Exercise:
Would you restate each entry word for word, omitting the pictures?

Provided entries:

- Opening Delimiter -

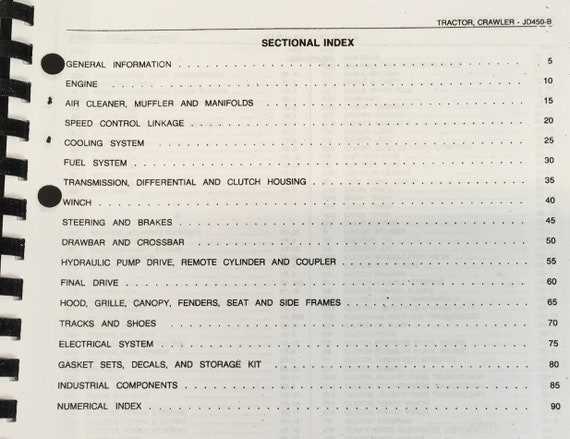 john deere 450b repair manual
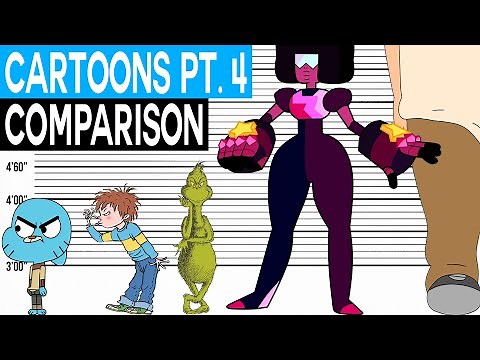 Cartoon Character Size Comparison | Popular Cartoon Characters Heights Part 4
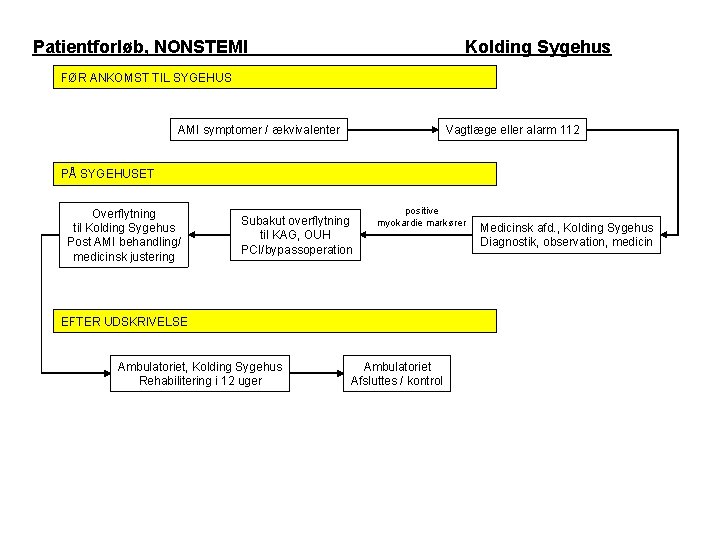 Patientforløb, NONSTEMI Kolding Sygehus FØR ANKOMST TIL SYGEHUS AMI symptomer / ækvivalenter Vagtlæge eller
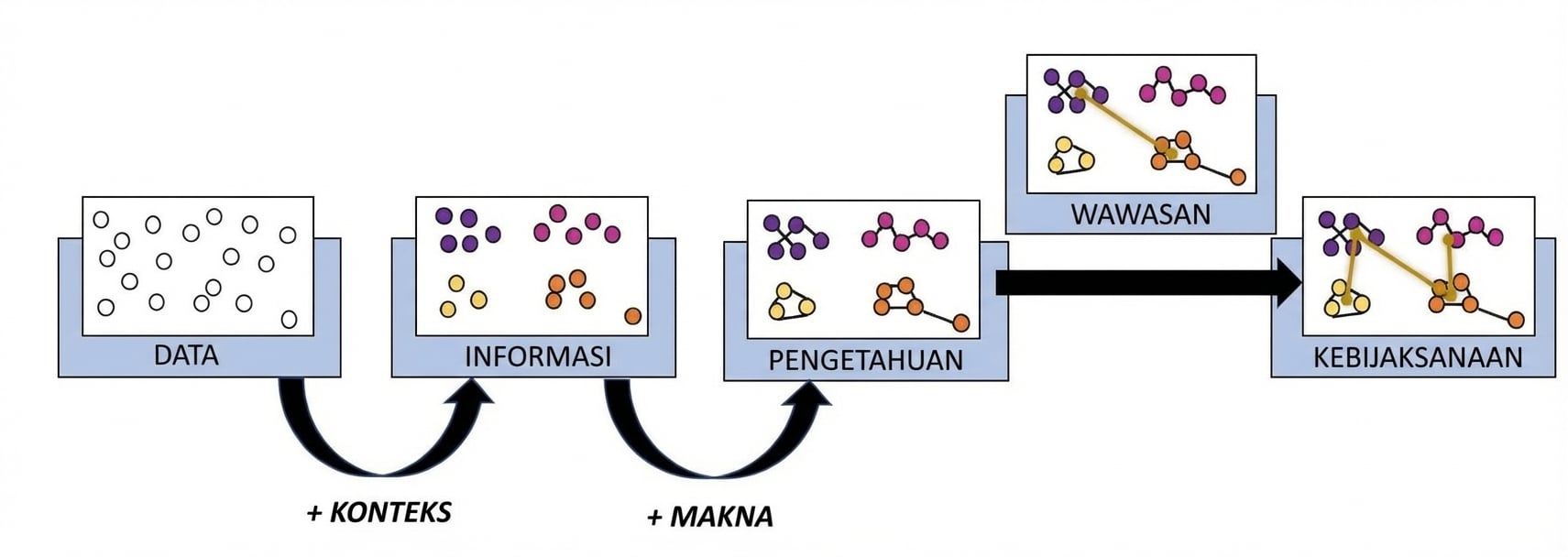 bagan alur proses DIKW dengan langkah insight ditambahkan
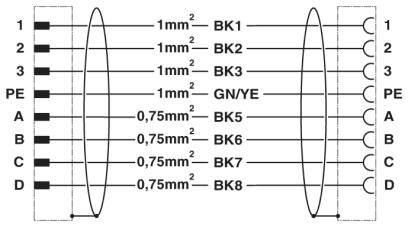 Phoenix contact 1619325 K-7E-M17 M9/010-D01/M17 F8 Штекерный разъем, пластиковая заливка с обеих сторон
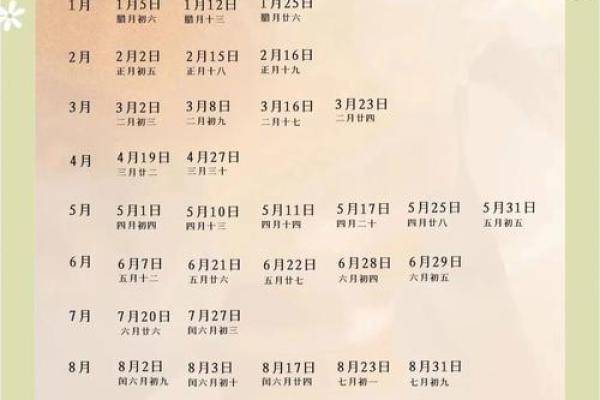 25年农历10月结婚吉日 25年10月结婚吉日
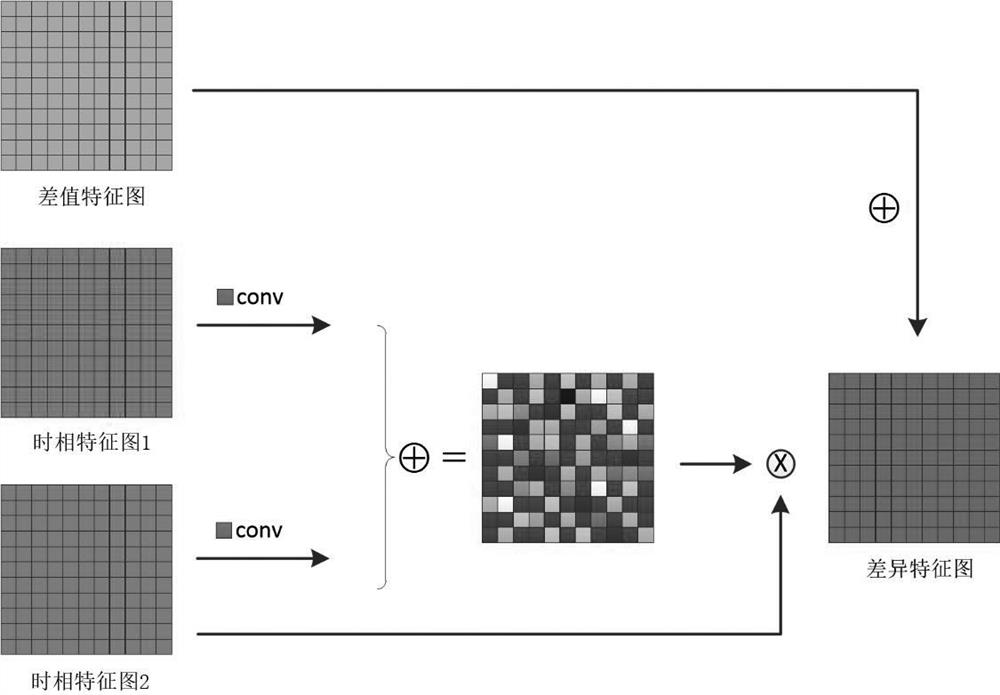 Twin network change detection model based on deep learning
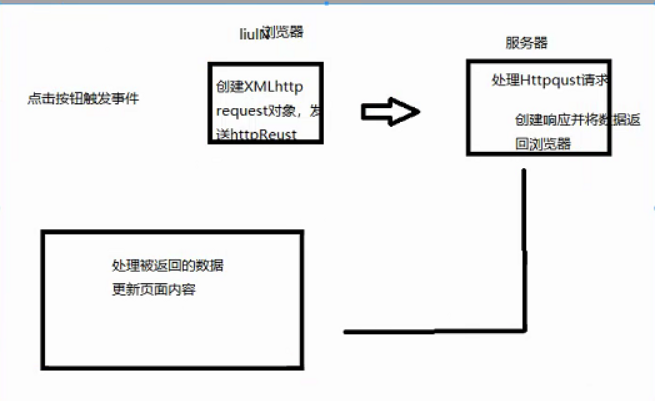 image-20220311081952294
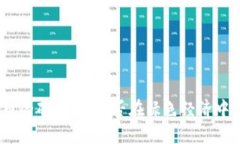 : 加密货币的碳排放：能否在绿色经济中找到平衡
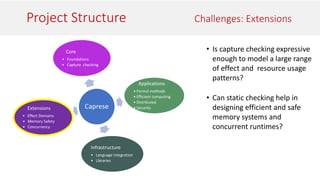 Project Structure Challenges: Extensions
• Is capture checking expressive
enough to model a large range
of effect and resource usage
patterns?
• Can static checking help in
designing efficient and safe
memory systems and
concurrent runtimes?
Caprese
Core
• Foundations
• Capture checking
Infrastructure
• Language integration
• Libraries
Applications
• Formal methods
• Efficient computing
• Distributed
• Security
Extensions
• Effect Domains
• Memory Safety
• Concurrency
 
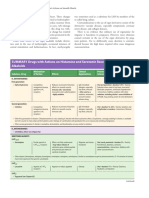 SUMMARY Drugs With Actions On Histamine and Serotonin Receptors Ergot Alkaloids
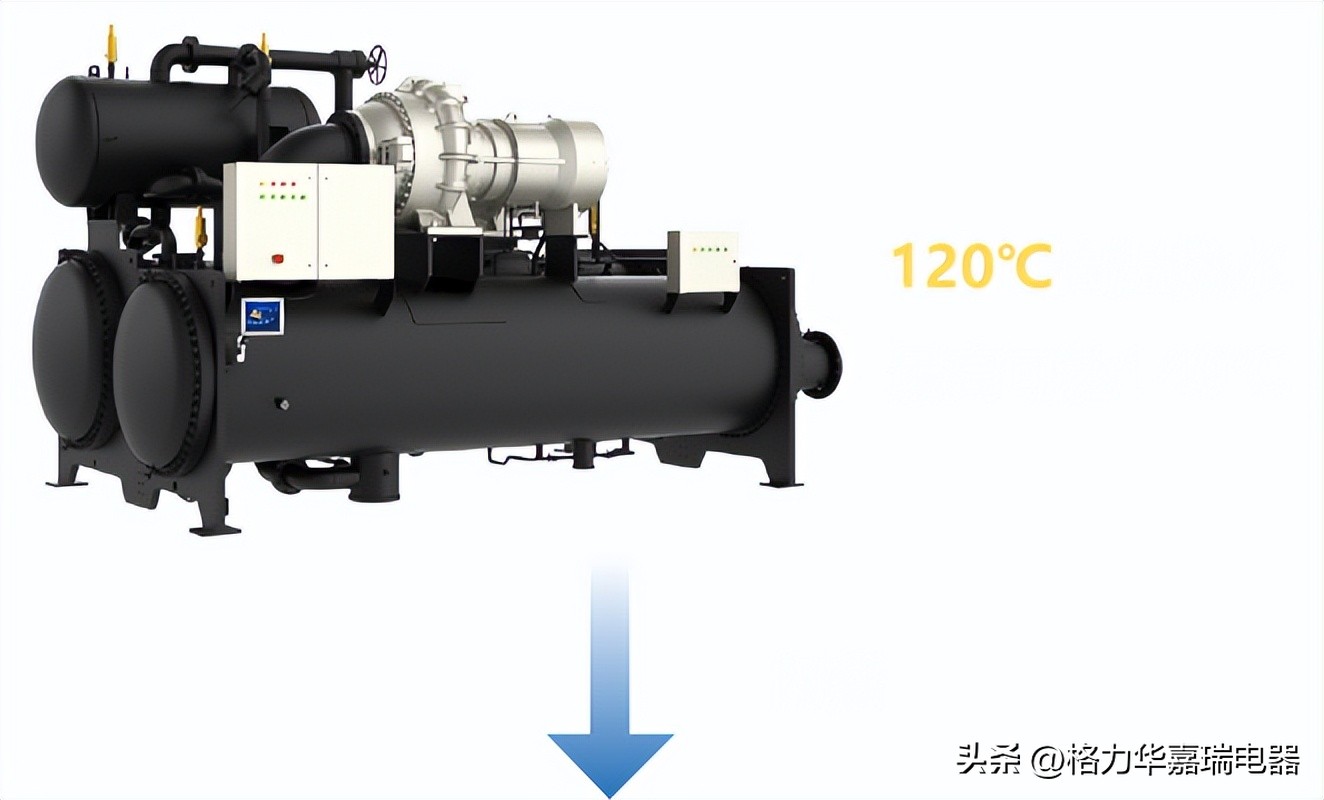格力空气能热泵官方网站,格力空气源热泵官网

- Closing Delimiter -

Your response:
 john deere 450b repair manual
 Cartoon Character Size Comparison | Popular Cartoon Characters Heights Part 4
 Patientforløb, NONSTEMI Kolding Sygehus FØR ANKOMST TIL SYGEHUS AMI symptomer / ækvivalenter Vagtlæge eller
 bagan alur proses DIKW dengan langkah insight ditambahkan
 Phoenix contact 1619325 K-7E-M17 M9/010-D01/M17 F8 Штекерный разъем, пластиковая заливка с обеих сторон
 25年农历10月结婚吉日 25年10月结婚吉日
 Twin network change detection model based on deep learning
 image-20220311081952294
 : 加密货币的碳排放：能否在绿色经济中找到平衡
 Project Structure Challenges: Extensions
• Is capture checking expressive
enough to model a large range
of effect and resource usage
patterns?
• Can static checking help in
designing efficient and safe
memory systems and
concurrent runtimes?
Caprese
Core
• Foundations
• Capture checking
Infrastructure
• Language integration
• Libraries
Applications
• Formal methods
• Efficient computing
• Distributed
• Security
Extensions
• Effect Domains
• Memory Safety
• Concurrency
 
 SUMMARY Drugs With Actions On Histamine and Serotonin Receptors Ergot Alkaloids
格力空气能热泵官方网站,格力空气源热泵官网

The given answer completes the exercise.